------ Material for the task ------
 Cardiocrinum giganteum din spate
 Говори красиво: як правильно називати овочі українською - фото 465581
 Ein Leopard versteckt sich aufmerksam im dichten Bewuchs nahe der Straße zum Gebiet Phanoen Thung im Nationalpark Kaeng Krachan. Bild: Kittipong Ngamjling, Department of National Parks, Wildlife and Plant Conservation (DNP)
------
------ Material for the task ------
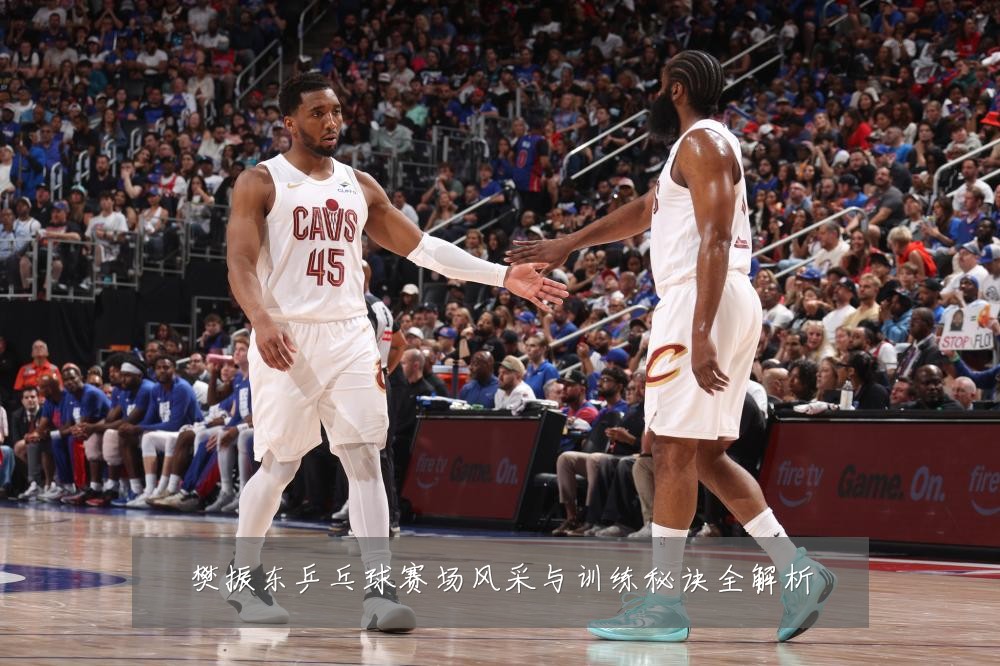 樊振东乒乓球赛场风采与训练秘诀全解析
------
> _Work item_
Give again exactly, and only, the lines above starting at the one with "Cardiocrinum giganteum din spate" and ending at the one with "Ein Leopard versteckt".

> _Worked solution_
 Cardiocrinum giganteum din spate
 Говори красиво: як правильно називати овочі українською - фото 465581
 Ein Leopard versteckt sich aufmerksam im dichten Bewuchs nahe der Straße zum Gebiet Phanoen Thung im Nationalpark Kaeng Krachan. Bild: Kittipong Ngamjling, Department of National Parks, Wildlife and Plant Conservation (DNP)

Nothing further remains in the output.